### What you should do:
Repeat everything in the listing exactly, except for the images.

### Input data:
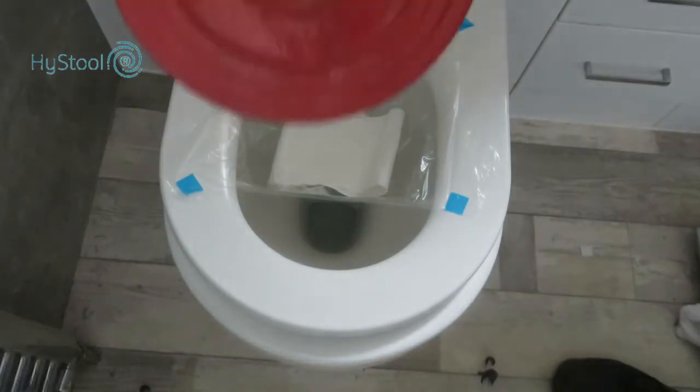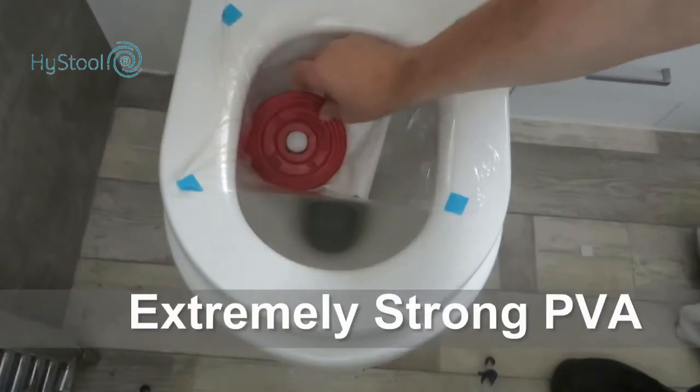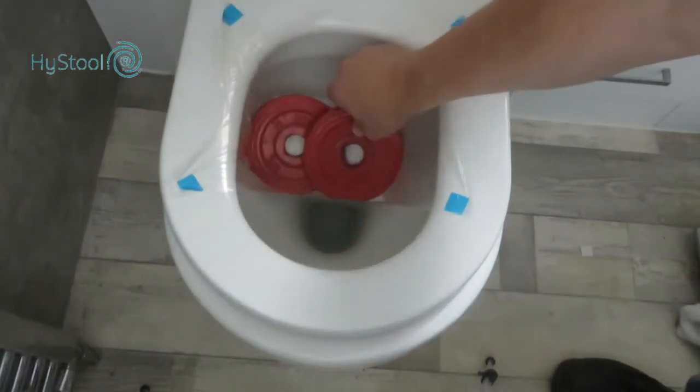High Stool bags are made from PVA film which is extremely strong and lightweight. In this test we place two 1kg weights into a bag that has just been attached to the toilet seat.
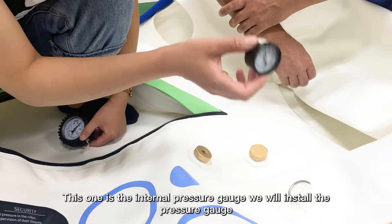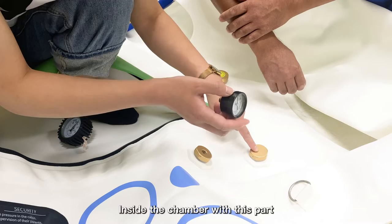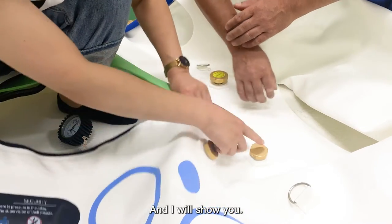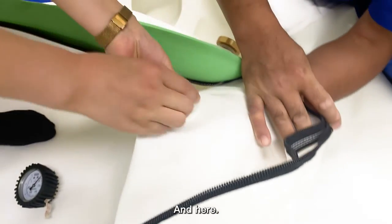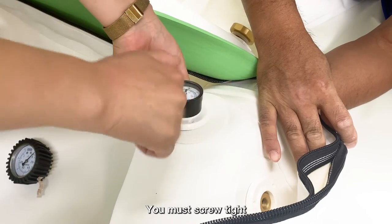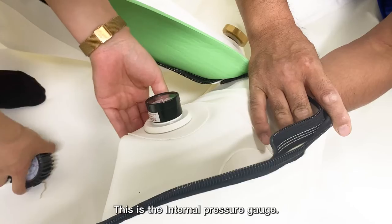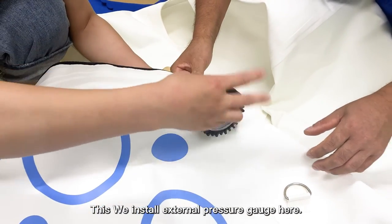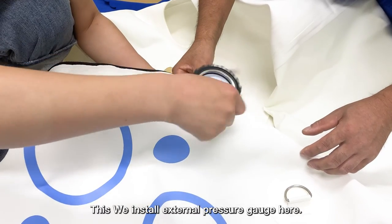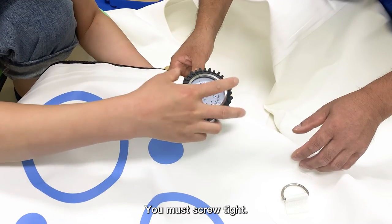This is the internal pressure gauge. We will install it inside the chamber with this part. Screw it tight. Then we install the external pressure gauge here, and you must also press and screw tight.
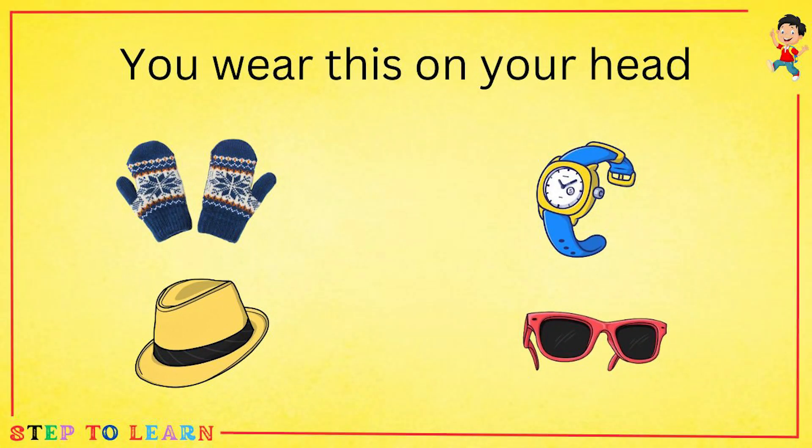You wear this on your head: mittens, watch, hat, or sunglasses? We wear a hat on our head.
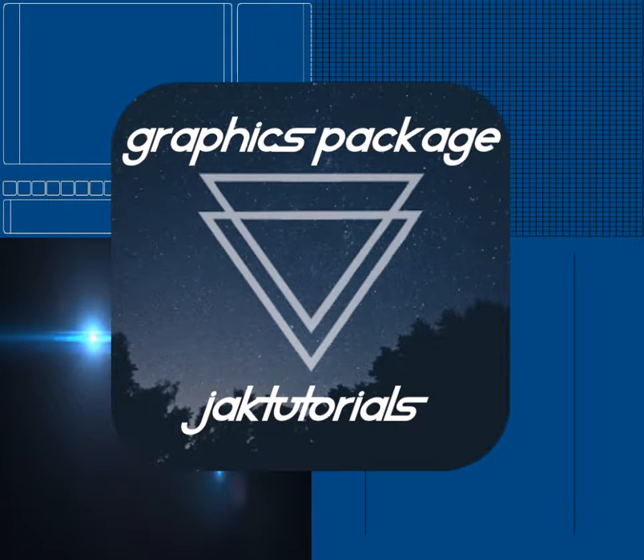I wanted to let y'all know that I'll be selling a graphics package that includes the latest templates, tips, and more. This package is more advanced than the tutorials I'm giving. The first three people that contact me will be getting the package sent to them.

### Exercise answer:
High Stool bags are made from PVA film which is extremely strong and lightweight. In this test we place two 1kg weights into a bag that has just been attached to the toilet seat.
This is the internal pressure gauge. We will install it inside the chamber with this part. Screw it tight. Then we install the external pressure gauge here, and you must also press and screw tight.
You wear this on your head: mittens, watch, hat, or sunglasses? We wear a hat on our head.
I wanted to let y'all know that I'll be selling a graphics package that includes the latest templates, tips, and more. This package is more advanced than the tutorials I'm giving. The first three people that contact me will be getting the package sent to them.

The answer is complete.